And the primary partner doesn't feel like they have to do something they don't want to.

STEVE

Absolutely. There is no pressure. Otherwise what happens is you get in to a situation where you are like, "Do this for me, do this for me, I want this from you," and your partner is like, "Oh no, I would never do that!" My feeling about partnered non-monogamy personally is that really doesn't appeal to me all that much,because just getting sex needs met on the side is really not the most exciting thing to me.

ERIN

It's not the most driving thing for you.

STEVE

That's not the model that I would likely move towards. It's interesting and I could understand why people would want to do that, just not one that appeals to me personally. How do you feel about that one, Erin?

ERIN

Before we even started this discussing polyamory I was not thinking to myself, "Gosh, I wish I could have sex with somebody else." It just wasn't happening. Steve was fulfilling all of my sexual needs, so I wasn't thinking about having sex with other people, except maybe some of the actors I see on some of my favorite shows, should they ever grace me with their presence! [Laughing]

STEVE

We'll spare them the honor of mentioning them.

ERIN

Okay

STEVE

But, I know who that is. And the funny thing is, that my attitude is like, "Hey, if Erin had the opportunity to get in to bed with one of those guys, go for it if it makes you happy." It's like, why would I want to deprive her of that? I'd be like, "Hey, have fun. Go for it." She'll come back to me being all happy and la la la and like, "Steve, would you like a massage?" She'd be really nice to me for a week or two after that I'll tell you.

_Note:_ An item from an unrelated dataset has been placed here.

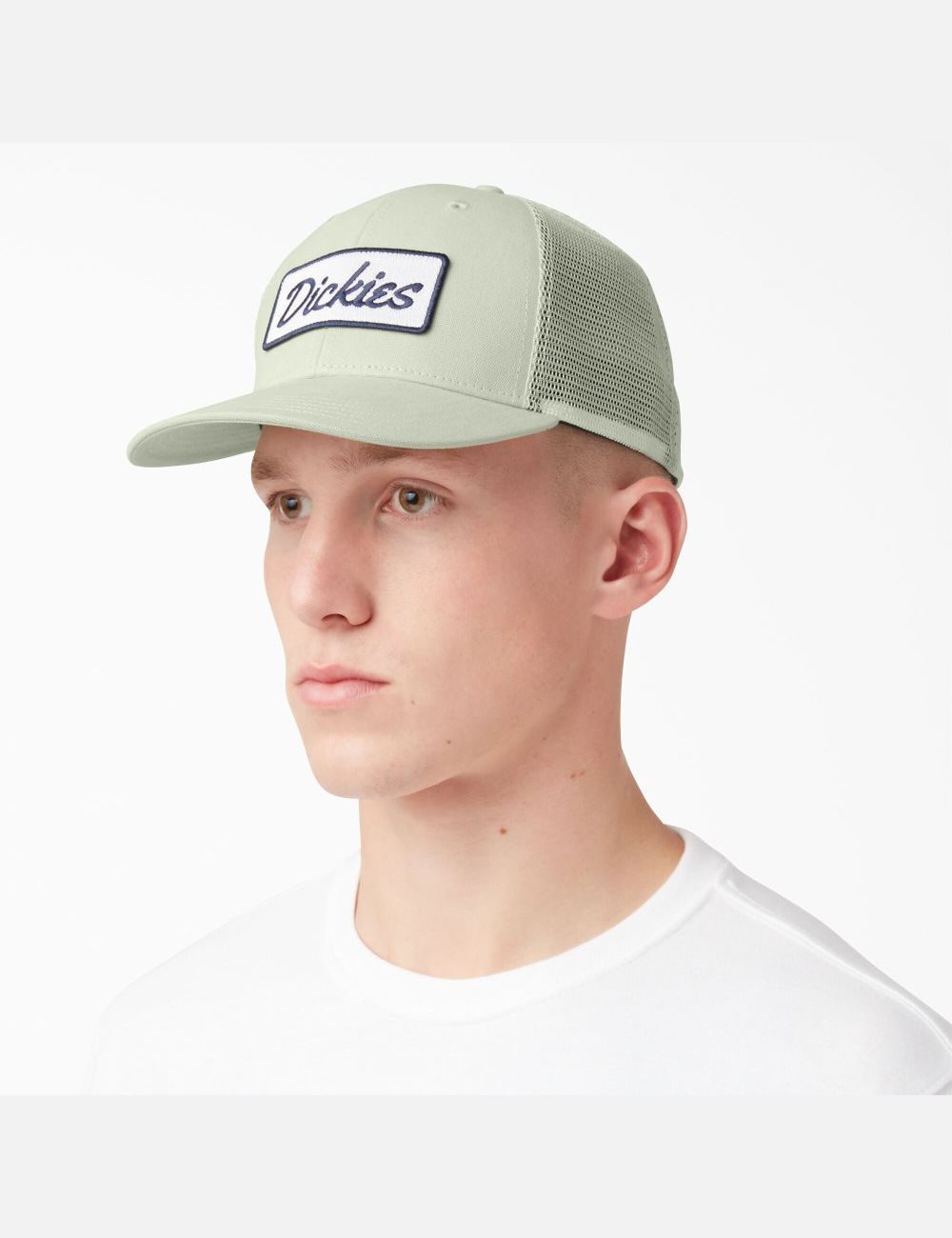 Celadon Green/Cloud Dickies Patch Logo Trucker Hats | 037EAVOSF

The second model is swinging. Now, this is honestly one where I have a lot of negative connotations. I just have this sort of creepy feeling about the whole thing. But as I read more about it I was like, wow, this is really fascinating. And Tristan, in her book, she has one chapter on it. Apparently swinging is this really rich culture. There are millions of Americans alone who are apparently in to it regularly. And swinging is basically when a couple that's committed to each other, not necessarily married though, who will team up with other couples and there are these swing clubs apparently where people can meet to find other couples and so you mingle around a little and I guess you talk to other people. I have never been to one, I have never even seen one. And you go there, you talk to other people and you find somebody to hook up with and you have sex. I think basically all four of you are having sex in the same room with each other. Usually what happens is two men won't touch each other at all, sometimes the two women will do something together, but then you do this partner swap thing and, you know…

ERIN

I'm sure there are all kinds of variations. But we haven't really explored this dimension.

STEVE

Now, as I was reading this, I was just like, I don't know, I really don't know how I feel about doing that kind of thing. I talked about it with Erin, what was your reaction?

ERIN

I was a lot more open to this than I thought I would be. I actually think it would be kind of adventurous, interesting, and neat to be with another couple, especially if all four of us are in the same room. So then there is no—how could it possibly be considered cheating or something tawdry if all four of you are together?

STEVE

See, the thing that I like about the swinging model, in general, is that it is very conscious. Everybody is choosing to do it. If you go to a swing club you are choosing to create this lifestyle. There's this huge culture with this etiquette thing that I am really not familiar with, but apparently part of the culture is "No means No". You are never forced to do anything that you would be uncomfortable with if you don't like one of the people you might end up with but your partner does. You don't have to "take one for the team". It is only if it is all four way consensual.

ERIN

Very mutual, very consensual, everybody is happy.

STEVE

Yeah, everybody is happy. I've actually gotten a number of emails from people who are in to swinging, some people doing it for years and they said they absolutely love it. It becomes a part of their lifestyle, it is part of their culture, they really enjoy it. I don't know. I feel kind of like silly about it some ways, because it is just something I hadn't really considered. I don't know if Erin and I will look in to this at some point. Actually, right now our attitude is we want to just learn more about it. We want to read about it or just visit and not do anything, like see if we could just see what the people are like. But who knows? I guess this could even lead to friendship too, because then you are connecting with people who are also in open relationships. You can make new friends this way. At least you have that compatibility there, like you are both in open relationships, you are accepting each other for that. It seems like an interesting model, I have absolutely nothing against it. I just don't have any experience with it to go on.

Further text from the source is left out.